NEW YORK CITY: This year’s Pulitzer Prize for Drama, which includes a $15,000 award, has been awarded to Branden Jacobs-Jenkins for his play Purpose, which had its premiere at Steppenwolf Theatre Company in Chicago. Finalists for this year’s award include Oh, Mary! by Cole Escola, which premiered off-Broadway at the Lucille Lortel Theatre, and The Ally by Itamar Moses, which received its world premiere at The Public in New York City.
The Pulitzer committee described Jacobs-Jenkins’ play as “a play about the complex dynamics and legacy of an upper-middle class African American family whose patriarch was a key figure in the Civil Rights movement. A skillful blend of drama and comedy that probes how different generations define heritage.”

Branden Jacobs-Jenkins, directed by Phylicia Rashad. (Photo by Michael Brosilow)

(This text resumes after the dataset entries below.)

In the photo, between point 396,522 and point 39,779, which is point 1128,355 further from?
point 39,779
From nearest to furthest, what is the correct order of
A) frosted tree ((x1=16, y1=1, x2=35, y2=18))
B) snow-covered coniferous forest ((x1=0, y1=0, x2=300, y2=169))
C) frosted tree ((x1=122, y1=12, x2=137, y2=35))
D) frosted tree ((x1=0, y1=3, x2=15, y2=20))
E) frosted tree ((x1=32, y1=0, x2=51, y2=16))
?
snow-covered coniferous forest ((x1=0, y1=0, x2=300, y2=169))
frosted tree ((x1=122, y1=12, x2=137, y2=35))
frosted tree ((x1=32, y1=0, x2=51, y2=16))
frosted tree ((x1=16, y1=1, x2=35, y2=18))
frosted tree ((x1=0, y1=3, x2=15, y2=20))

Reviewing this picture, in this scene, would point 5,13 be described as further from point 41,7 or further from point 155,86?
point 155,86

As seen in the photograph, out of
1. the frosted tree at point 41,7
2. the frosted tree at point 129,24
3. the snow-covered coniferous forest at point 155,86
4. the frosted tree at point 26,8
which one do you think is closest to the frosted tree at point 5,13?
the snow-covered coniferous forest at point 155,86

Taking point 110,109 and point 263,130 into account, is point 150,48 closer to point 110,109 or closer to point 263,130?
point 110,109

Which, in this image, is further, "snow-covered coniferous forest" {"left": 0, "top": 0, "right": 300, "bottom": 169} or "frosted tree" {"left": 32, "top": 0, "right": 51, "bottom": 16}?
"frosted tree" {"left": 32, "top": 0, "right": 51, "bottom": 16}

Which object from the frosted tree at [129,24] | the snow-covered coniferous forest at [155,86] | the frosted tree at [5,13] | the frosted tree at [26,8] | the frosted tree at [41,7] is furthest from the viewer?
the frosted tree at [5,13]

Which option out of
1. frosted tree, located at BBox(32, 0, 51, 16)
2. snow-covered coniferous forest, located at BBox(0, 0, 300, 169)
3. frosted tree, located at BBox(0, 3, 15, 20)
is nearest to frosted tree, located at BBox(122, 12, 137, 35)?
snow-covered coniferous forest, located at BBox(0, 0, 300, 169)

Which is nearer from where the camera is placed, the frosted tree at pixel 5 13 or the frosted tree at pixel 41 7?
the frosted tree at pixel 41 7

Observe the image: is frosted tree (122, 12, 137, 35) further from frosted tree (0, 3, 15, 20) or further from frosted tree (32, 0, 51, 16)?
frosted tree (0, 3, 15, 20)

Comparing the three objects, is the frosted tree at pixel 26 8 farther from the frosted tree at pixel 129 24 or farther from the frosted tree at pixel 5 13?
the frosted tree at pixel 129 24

Escola’s play was described as “a zany portrait of Abraham and Mary Todd Lincoln’s family life whose outrageous humor also serves as an empathetic celebration of anyone who’s been marginalized or misunderstood,” while Moses’s play was called “a timely drama about activism, conflicting expectations, and moral responsibility on a college campus, probing American identity and the contradictions within progressive politics, using richly drawn characters with a deep emotional resonance.”
This year’s jury for the Drama prize was chaired by playwright David Henry Hwang with Tanya Barfield, co-director of the Lila Acheson Wallace Playwrights Program at the Juilliard School; Rebecca Gilman, playwright and Goodman Theatre artistic associate; Helen Shaw, staff writer for The New Yorker; and José Luis Valenzuela, director of Latino Theater Company at the Los Angeles Theatre Center.